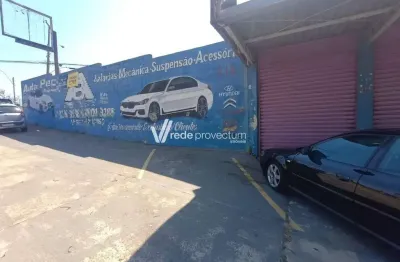 Barracão / galpão / depósito à venda no jardim cura d'ars, campinas , 443 m2 por r$ 2.200.000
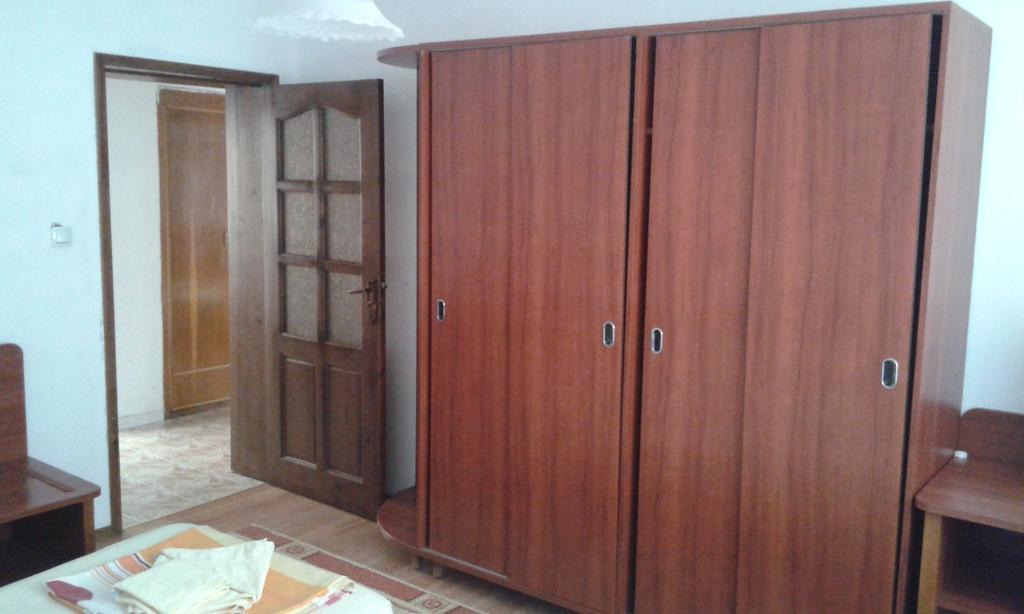 Central Sandanski Apartments Pokój zdjęcie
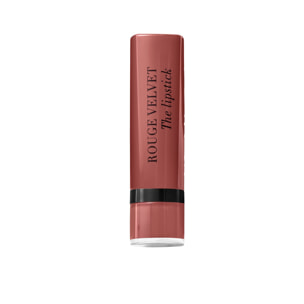 Rouge Velvet The Lipstick - Rouge à lèvres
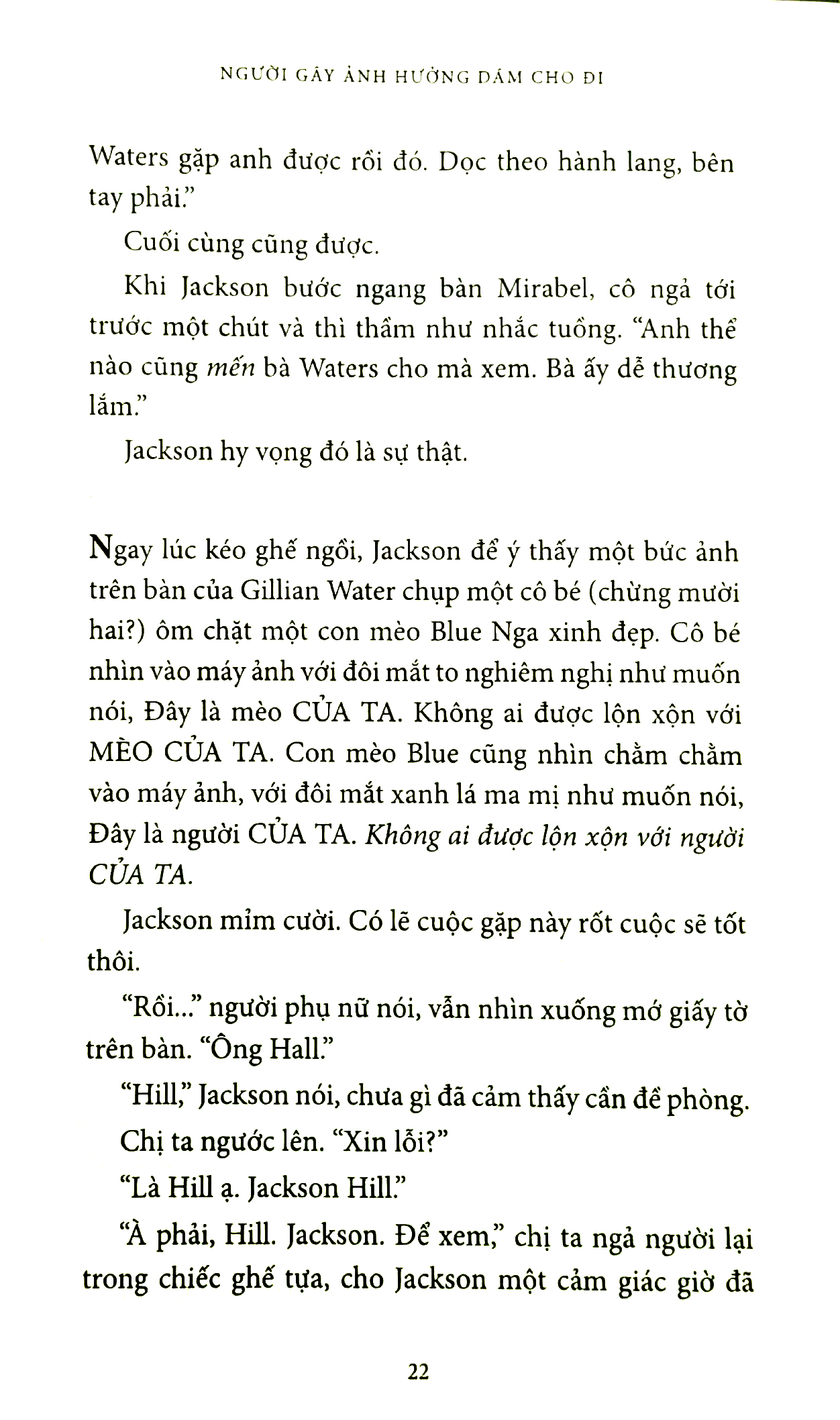 người gây ảnh hưởng - dám cho đi - câu chuyện nhỏ về một ý tưởng có sức thuyết phục lớn nhất (tái bản 2024) - Ảnh 5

┄┄┄┄┄┄┄┄┄┄

* [Assigned task] Find the line that contains "Rouge Velvet The Lipstick - Rouge à lèvres" and repeat it, along with every line after it to the end of the data, exactly; drop the pictures.

* [Expected answer]
 Rouge Velvet The Lipstick - Rouge à lèvres
 người gây ảnh hưởng - dám cho đi - câu chuyện nhỏ về một ý tưởng có sức thuyết phục lớn nhất (tái bản 2024) - Ảnh 5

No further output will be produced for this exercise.